I blame my experiences as a child on my dislike of water sports today.
I remember three specific events that lead me to be a land lover. The first happened when, as a pre-teen, my dad took me water-skiing. I was a pretty good sport and even enjoyed jumping the wake from the boat. But then I fell. The fall itself didn't hurt and I didn't injure myself. But I landed in a bed of seaweed and could feel the slippery tentacles crawling up my legs and clawing at my life jacket. It was all I could do not to scream in terror. My father turned the boat around and when he pulled me in, I vowed never to water-ski again.
The next summer, I was a passenger in a speedboat with a maniac driver.

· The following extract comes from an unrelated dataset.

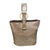 Gold Glitter Bucket Wristlet Bag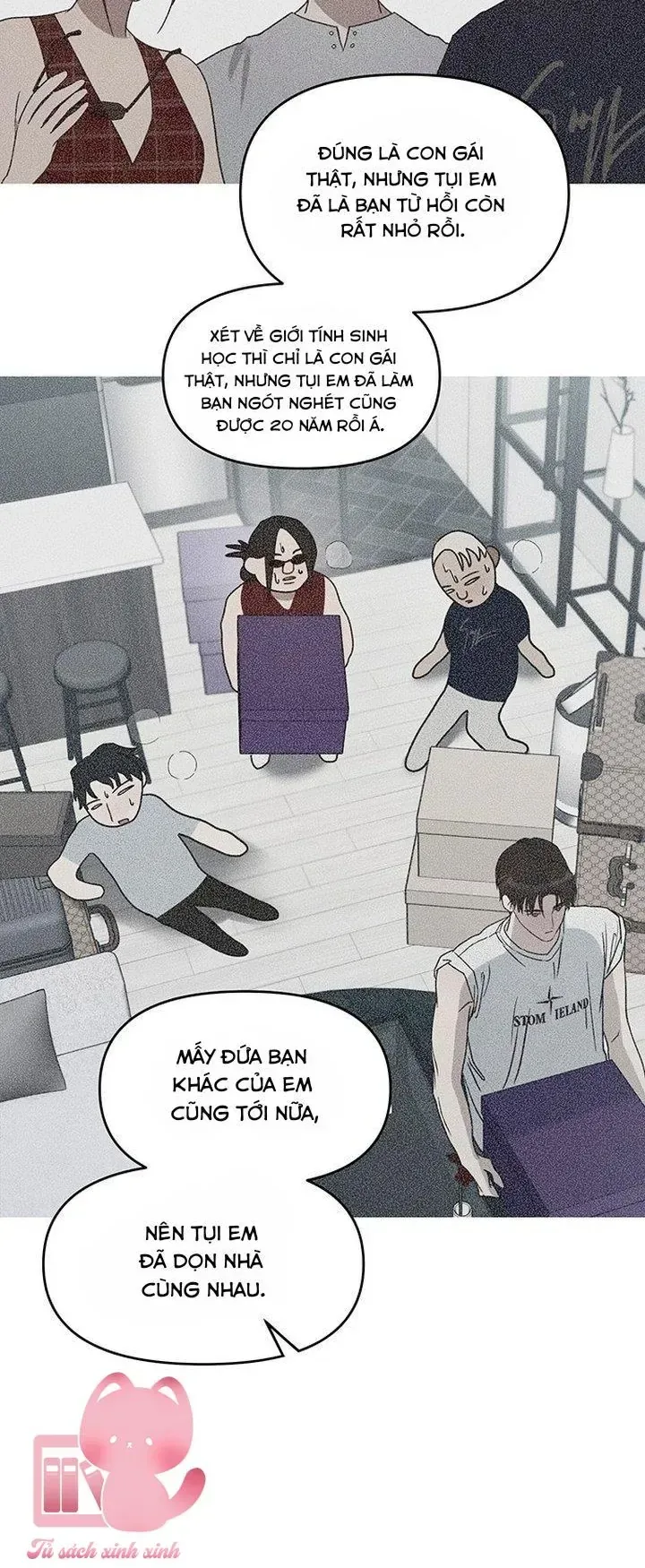 Vận Xui Chốn Công Sở chương 84 - trang 50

He thought it fun to scare children by going as fast as he could and making the boat wobble. The terror seized me so badly that I had to seek a place to hide under the bow of the boat. I vowed never to go in a speedboat again.
Lastly, as a teenager, I agreed to go fishing with two friends in a canoe. We were staying at a remote hunting lodge. Leaving early in the morning, we paddled to the end of a marshy lake before the middle passenger decided to stand and move around. Our canoe flipped over, spilling all the contents, including us, into the frigid spring waters. We managed to pull the canoe to shore. Soaked, cold and scared, we loaded ourselves back in, without our gear, and returned to the camp. I vowed never to go in a canoe again.
Fast forward to today. My husband and children are camping in a park in Quebec. My husband wakes me up in the early morning hours, excited to invite us all on a 5-hour trek to a remote waterfall. I grudgingly enquire about this voyage, and then quickly decline his invitation when I find out that half of the trip is by canoe. “No way.”
My husband counters with claims that it will be the “best fun ever” and I would regret it always if I didn’t join the family. In the back of my mind, I am reminded that God did not give me a spirit of fear but one of power. With this Scripture in mind, and the coaxing of my husband, I agree to go.

I write this now, in the safety of my office, with a grin on my face. It was a trip I will never forget. The canoe ride was surrounded by the Laurentian Mountains. The hike was one-hour uphill to a majestic waterfall. At the falls, we ate sandwiches and the kids splashed in the waters. We returned to our campsite, although a little worn out, a happy family.
My husband was right; I would have regretted not going. I am grateful that the Lord reminded me that fear is not from Him. If I let fear rule my day, I would have missed out on one of the best experiences of my life.
For God did not give us a spirit of timidity, but a spirit of power, of love and of self-discipline (2 Timothy 1:7 NIV).